There are thousands of targets in New York, and prominent ones, like the subway and the Lincoln Tunnel, have already been photographed ad nauseum. Anyone who visits the New York Public Library can find more than enough images to plot an attack.

A ban is also silly on its face; if taggers can secretly spray paint a tunnel couldn't terrorists likewise snap a few photos? What about cellphones equipped with cameras? What about that good old James Bond standard, the Minox spy camera, still available at any good photo store?

This is another typical anti-libertarian move by Nurse Bloomberg: really stupid.

Posted by: Fresh Air at June 11, 2004 09:08 AM

Isn't Bloomberg just trying to be the Politically Correct ... picknose control freak?

And succeeding.

Posted by: Tom Grey at June 11, 2004 09:34 AM

Joe Schmoe (very good name!)

I wont even bother with your rant against artists. I did find it hilarious that in the midst of it, you did take a moment to admit that you agreed the ban was silly.

As to the ice cream truck - either you are just making things up, or you are trying to cop some unwarrented cred.

"When I lived in Spanish Harlem, there was an ice cream truck on my corner (104th and Columbus). "

104 and Columbus is the Upper West side. Spanish harlem is above the park and to the east. Not even close. WHaddya think - you can say anything on the web and get away with it?

Posted by: Tano at June 11, 2004 09:48 AM

The point's been made and not refuted: Banning people from taking photographs of the subway system will mean that only people with camera phones and small digitals who believe it's worth the risk will be able to. In other words, the world will have fewer photographs to remember the A train by after the guy who shot it while pretending to be talking on his T-616 blew it up.

It's just stupid. Secure the ports, staff up the cops, coach people on spotting suspicious behavior and packages.

Posted by: Christopher Luebcke at June 11, 2004 09:49 AM

I actually do not agree with the ban.

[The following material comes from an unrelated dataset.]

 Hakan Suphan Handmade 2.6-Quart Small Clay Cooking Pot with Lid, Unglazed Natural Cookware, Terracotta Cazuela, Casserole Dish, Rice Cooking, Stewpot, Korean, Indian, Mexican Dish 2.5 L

It seems overbroad and a little pointless.

The problem I have is with the way the "artists" went about challenging it. They didn't ask for a meeting with the MTA, the NYPD, or the mayor. They didn't politely send letters, or try to enter into a dialogue regaridng their concerns.

No, they went into full protest mode. "Bloomberg is a facist!" Civil disobedience! Censorship!

Also, I suspect that they really have no idea if banning photography from the subway is a good thing or not. Now to me, it sounds silly. But if the Mayor of New York and the Commissioner of the NYPD both said that it's an important security measure, the least I would do is look into the issue. Get the facts. Listen to both sides of the story. You know, act like an adult. The photographers don't appear to have done that.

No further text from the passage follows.